En esa nube de dilemas sobrevenidos, a la escuela le queda uno, cuando menos, que sí creo pertinente. Es el dilema entre el silencio que le ha sido habitual y la publicidad -la necesidad de hacer público todo aquello que hace. A diario, y en la humildad del aula, se viven historias luminosas cuyo resplandor no llega afuera, y deberían hacerse conocidas. Los centros educativos participan en proyectos diversos, de ciencia, de periodismo, de recuperación del legado histórico, de sensibilización ecológica, de teatro, de STEAM, de servicio a la comunidad y un sinfín de aspectos que hacen más grande el capital simbólico de un centro, y urge darlos a conocer. Muchos de ellos llevan a nuestras escuelas e institutos a ámbitos internacionales, en forma de encuentros online, o con viajes al extranjero en los que nadie nunca se quedará fuera por limitaciones económicas.

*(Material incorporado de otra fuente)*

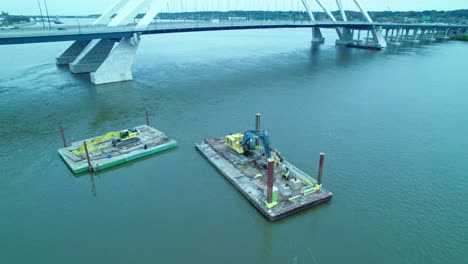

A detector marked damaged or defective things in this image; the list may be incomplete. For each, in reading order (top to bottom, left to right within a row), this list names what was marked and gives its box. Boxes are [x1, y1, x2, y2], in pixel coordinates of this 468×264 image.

rusty steel barge deck [196, 136, 330, 221]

Y todo esto es preciso que se cuente, porque hay que contrarrestar la propaganda hostil publicitando con orgullo el trabajo diario de nuestras escuelas e institutos públicos. Pero ro no solo por esto, también porque cada centro educativo público tiene que volcarse en el barrio, en la ciudad a la que se debe, y para ello es preciso un retorno en forma de noticia. Publicitar, en nuestro caso, consiste en devolver lo público a lo público a través de un relato. Como en tantos otros aspectos que últimamente se hallan bajo acecho, la publicidad también tiene que volver a estar en manos públicas.